▸ WORK ORDER: A word-for-word copy of the data is what's wanted, with no pictures.

*** Opening of DATA SEGMENT ***

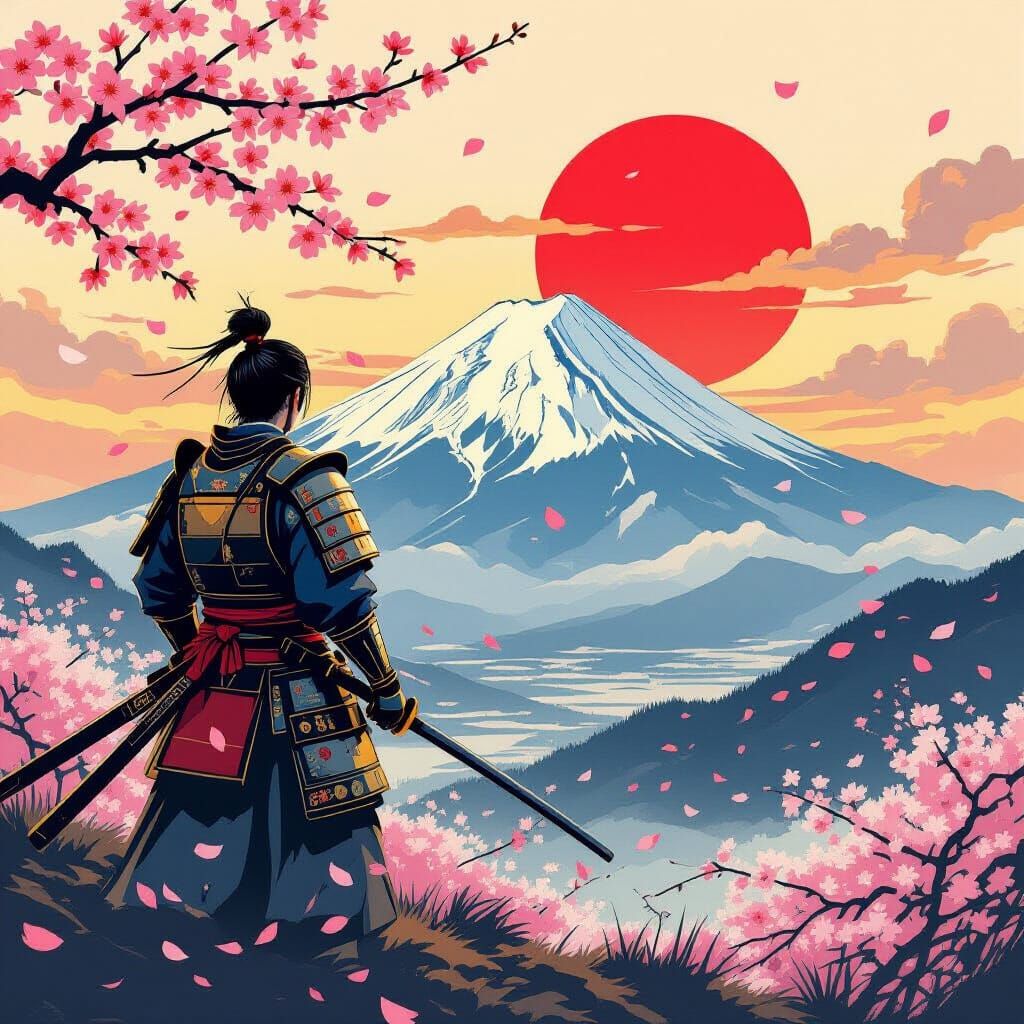 Samurai Silhouette at Mount Fuji Sunrise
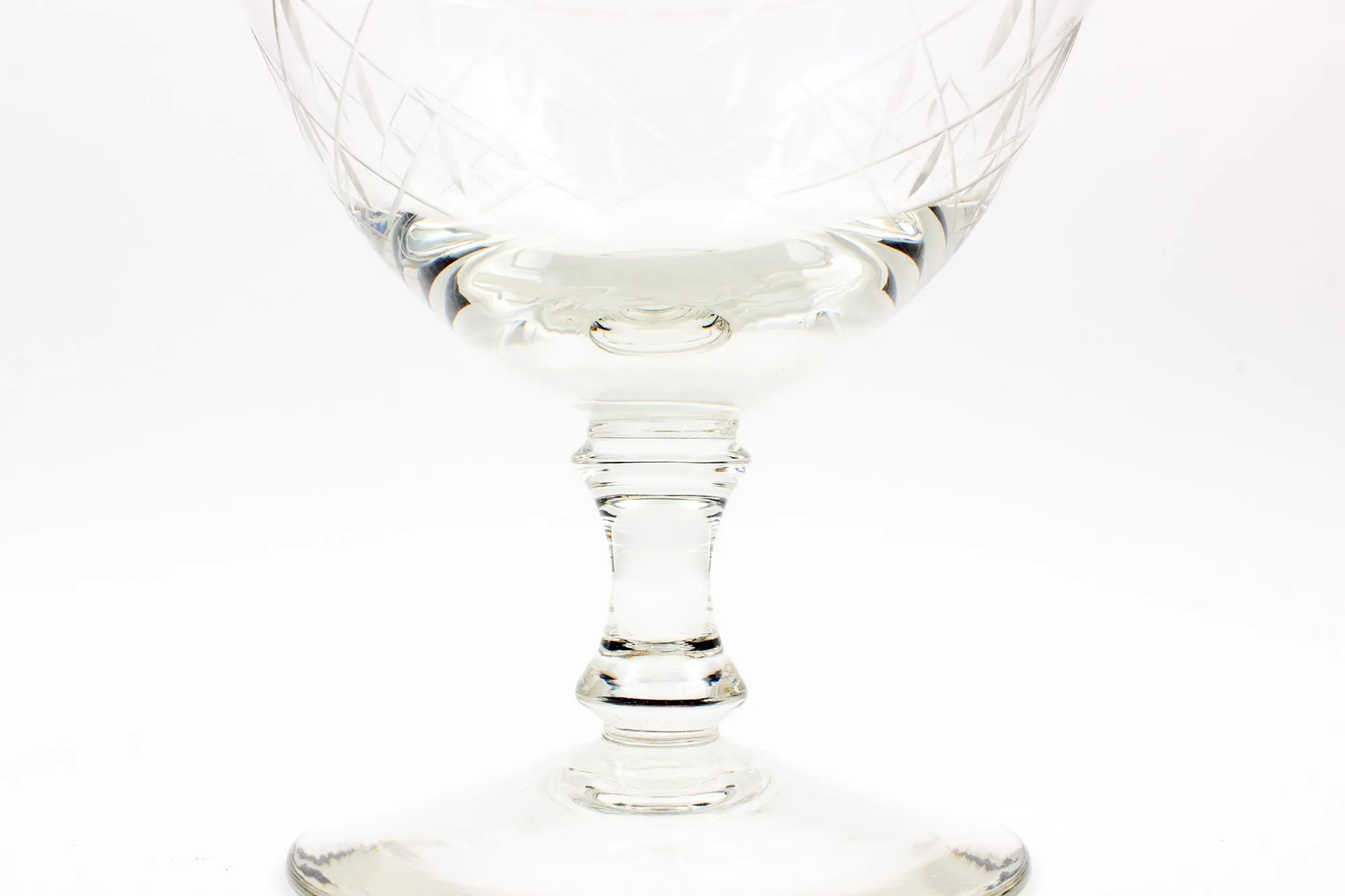 Set of Six Vintage French Cut Crystal Champagne Coupes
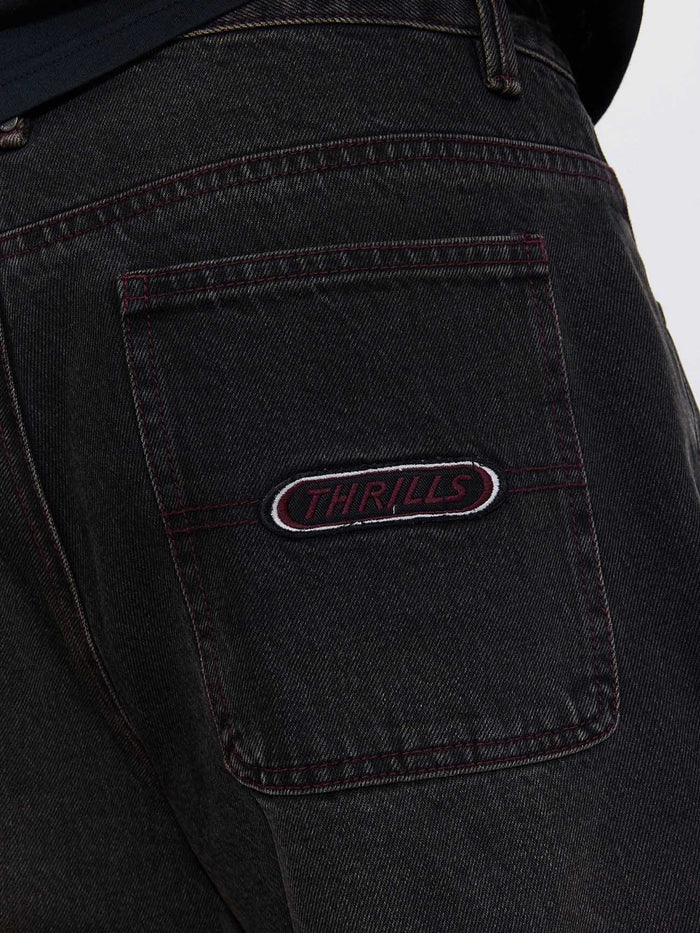 Built To Win Mid Slacker Relaxed Long Denim Short - Licorice 26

*** Close of DATA SEGMENT ***

▸ RESPONSE AREA:
 Samurai Silhouette at Mount Fuji Sunrise
 Set of Six Vintage French Cut Crystal Champagne Coupes
 Built To Win Mid Slacker Relaxed Long Denim Short - Licorice 26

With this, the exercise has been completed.